## Exercise
From the entries below, reproduce exactly the lines from the one with "Nové logo Sazky." through the one with "مجموعة اوسكار دي لارنتا لخريف 2017", both included, without images.

## Available data
__________
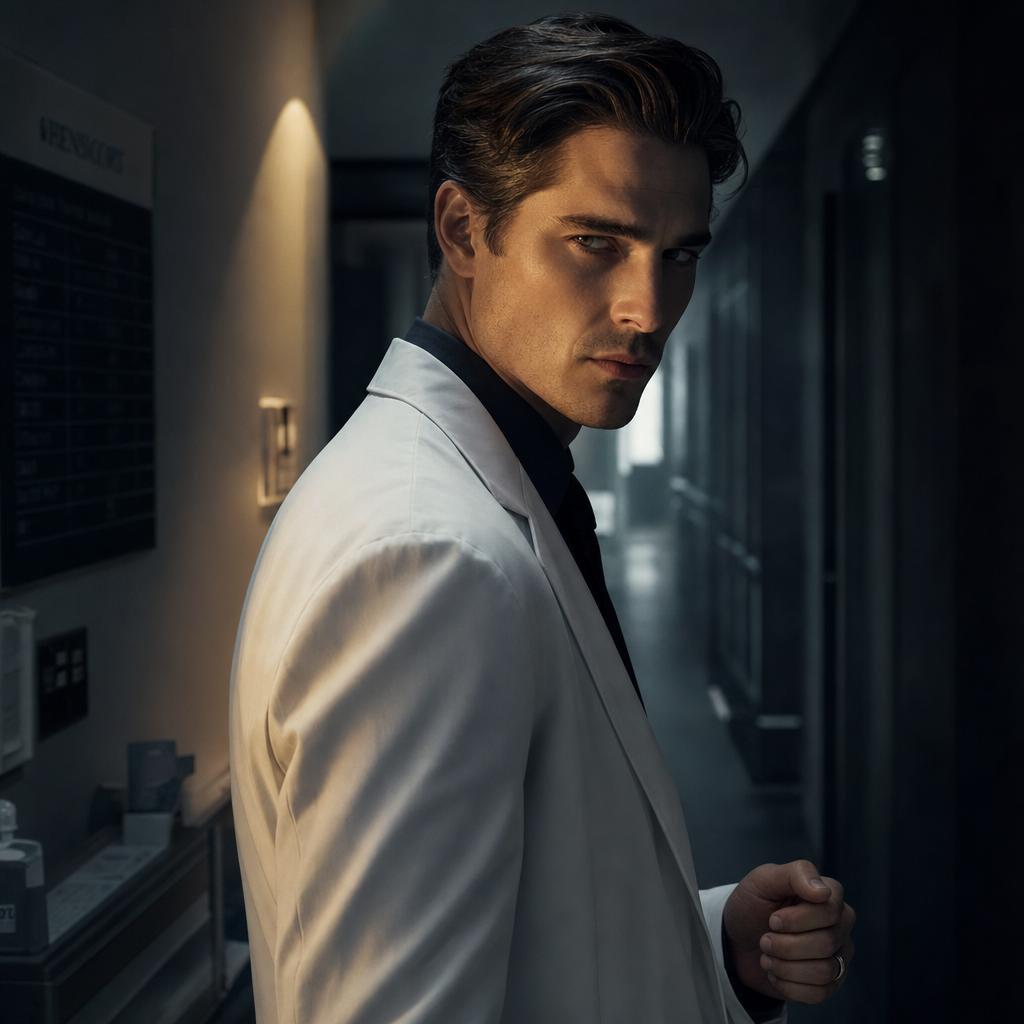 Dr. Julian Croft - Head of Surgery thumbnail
__________
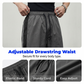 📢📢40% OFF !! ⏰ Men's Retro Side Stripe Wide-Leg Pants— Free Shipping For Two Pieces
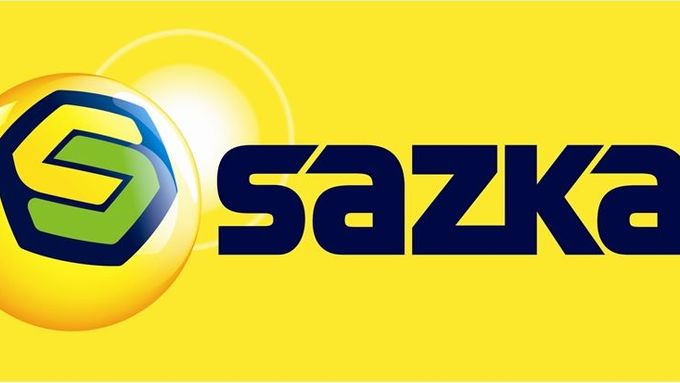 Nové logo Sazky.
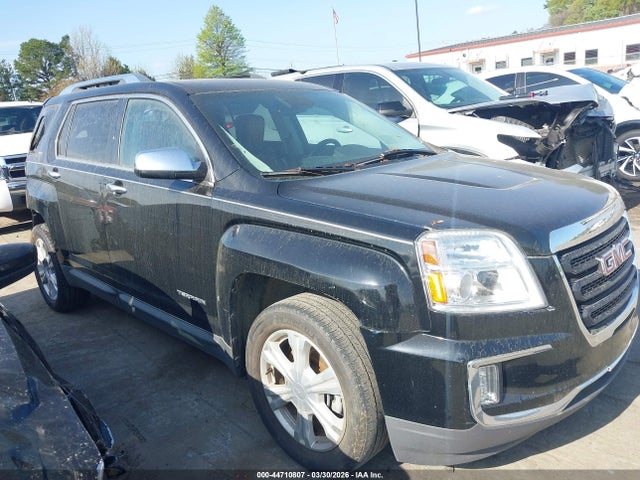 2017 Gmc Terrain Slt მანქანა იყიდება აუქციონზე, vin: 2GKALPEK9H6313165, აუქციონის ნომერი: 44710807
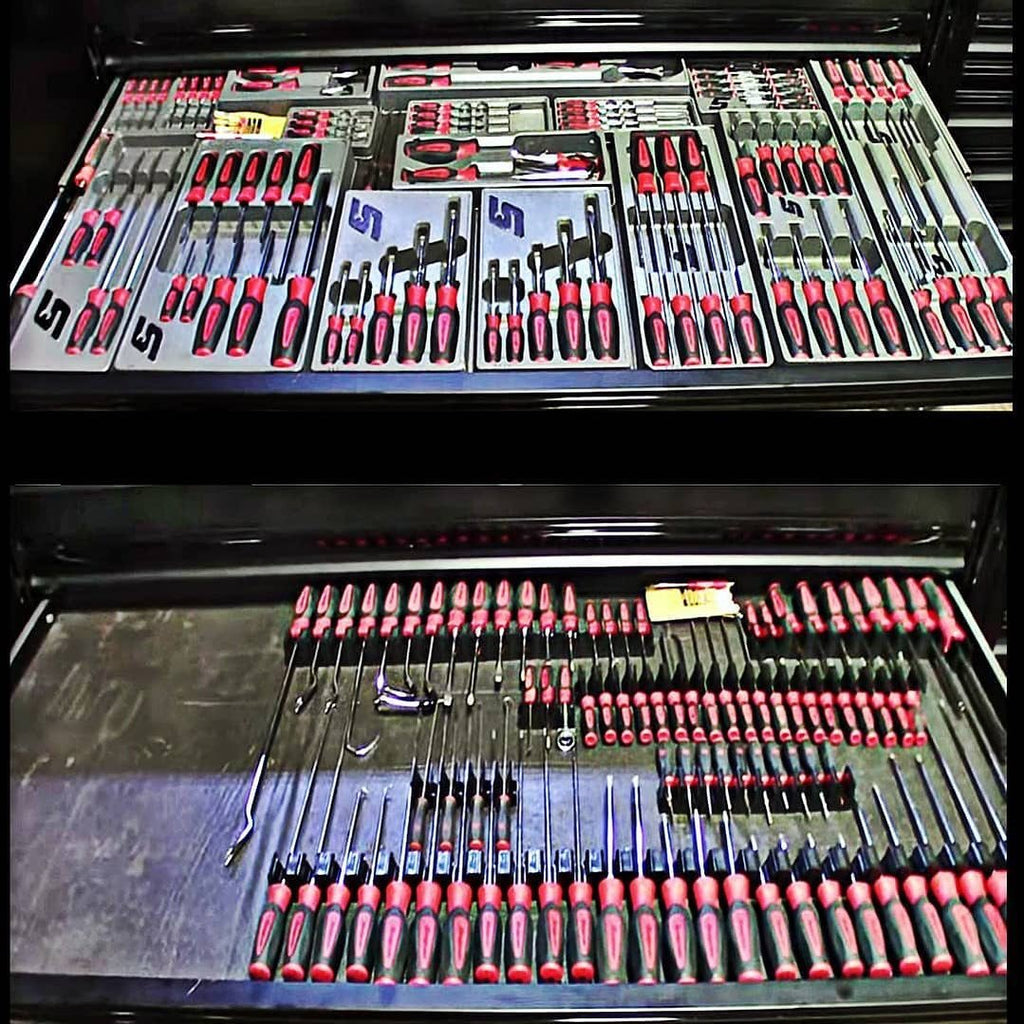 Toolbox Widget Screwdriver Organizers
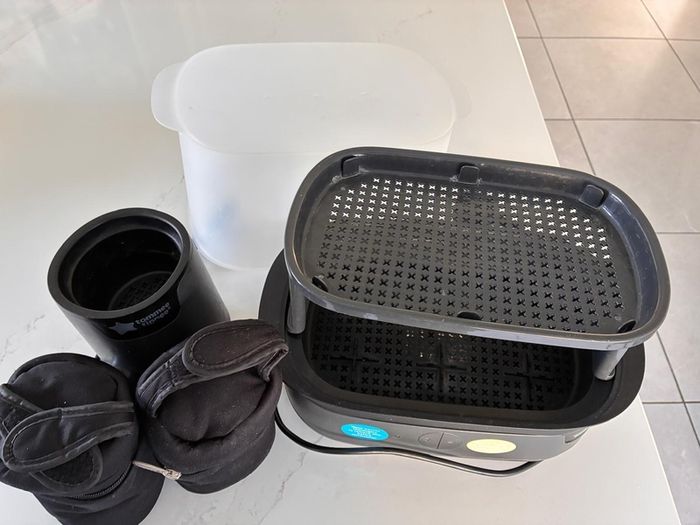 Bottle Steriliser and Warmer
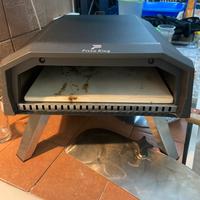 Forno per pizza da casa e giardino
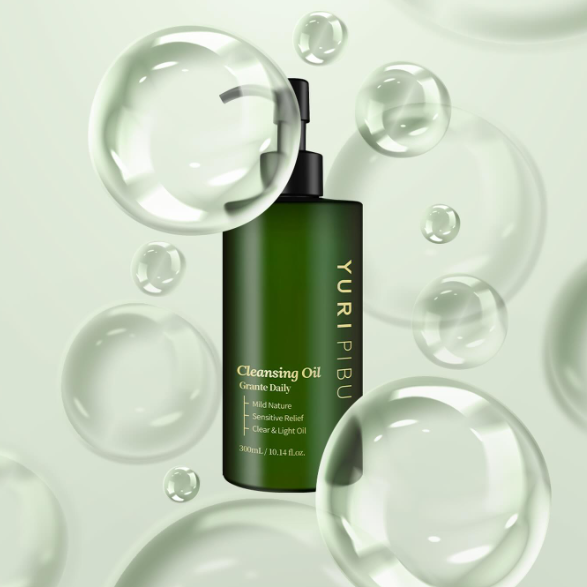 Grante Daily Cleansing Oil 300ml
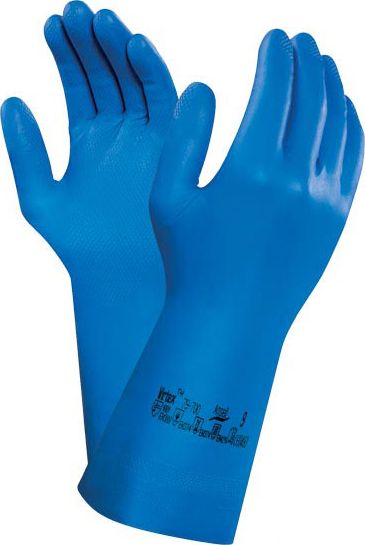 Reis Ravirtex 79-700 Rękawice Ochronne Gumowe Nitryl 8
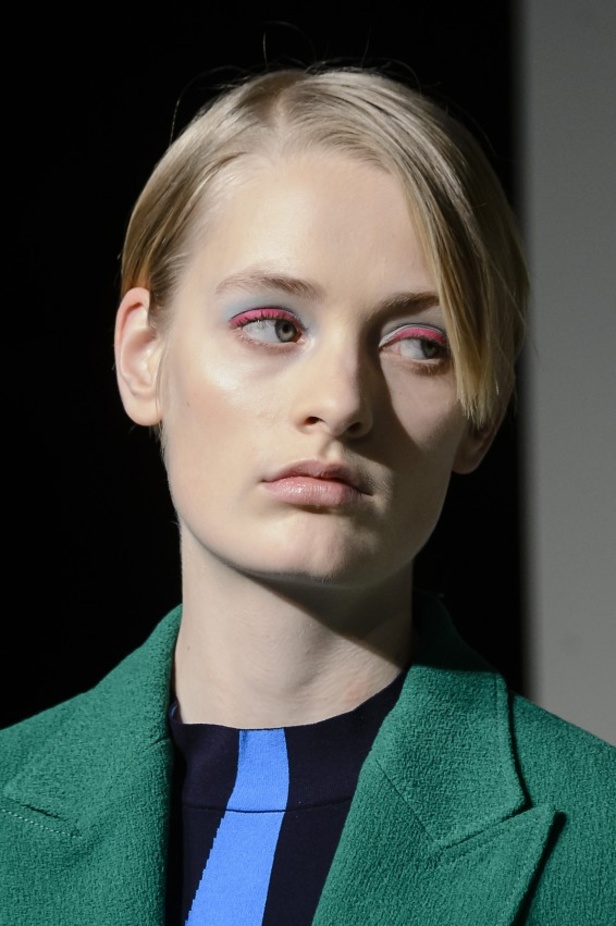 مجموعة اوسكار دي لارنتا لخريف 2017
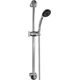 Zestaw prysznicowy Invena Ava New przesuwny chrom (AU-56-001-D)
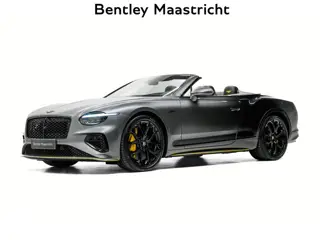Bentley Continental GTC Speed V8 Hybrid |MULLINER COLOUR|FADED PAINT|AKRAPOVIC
__________
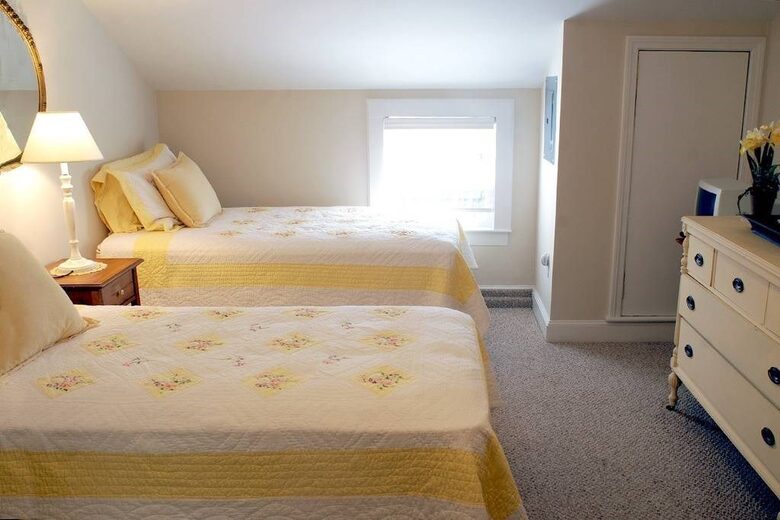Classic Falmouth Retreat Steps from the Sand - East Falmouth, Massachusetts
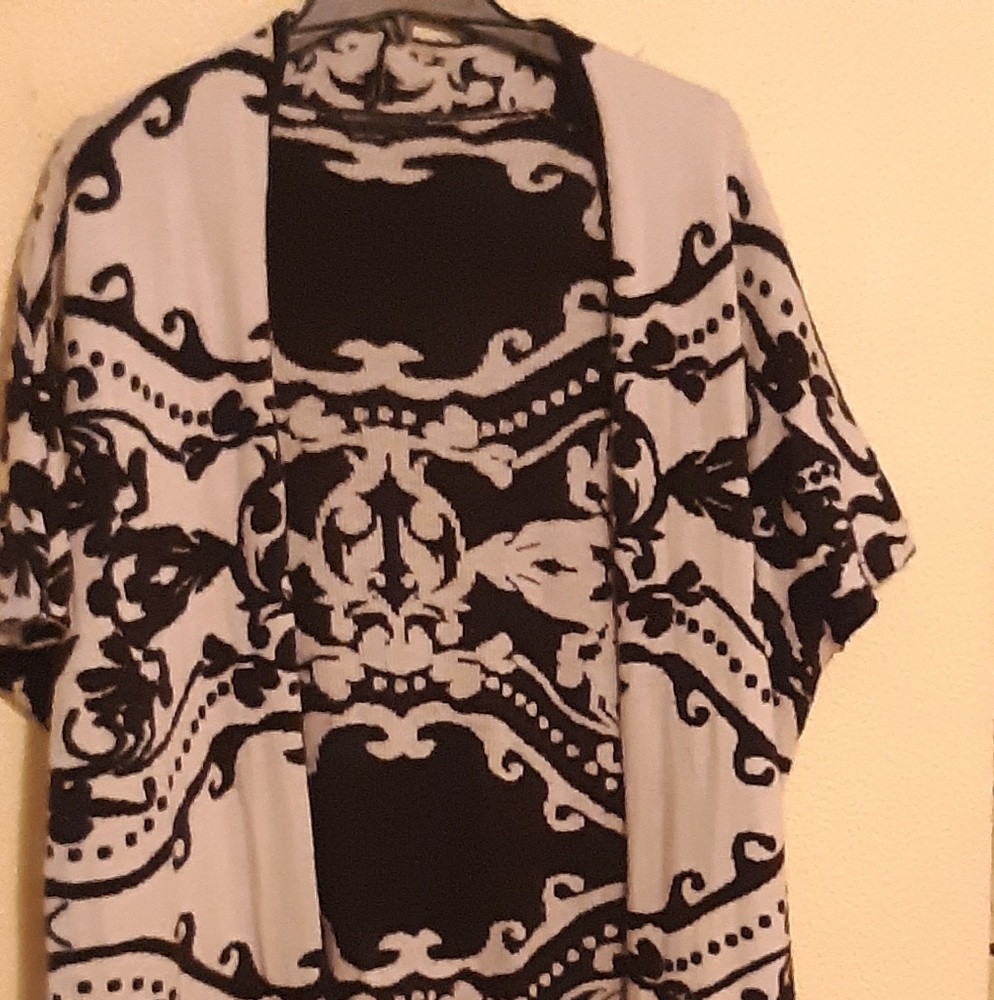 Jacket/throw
__________
## Reply
 Nové logo Sazky.
 2017 Gmc Terrain Slt მანქანა იყიდება აუქციონზე, vin: 2GKALPEK9H6313165, აუქციონის ნომერი: 44710807
 Toolbox Widget Screwdriver Organizers
 Bottle Steriliser and Warmer
 Forno per pizza da casa e giardino
 Grante Daily Cleansing Oil 300ml
 Reis Ravirtex 79-700 Rękawice Ochronne Gumowe Nitryl 8
 مجموعة اوسكار دي لارنتا لخريف 2017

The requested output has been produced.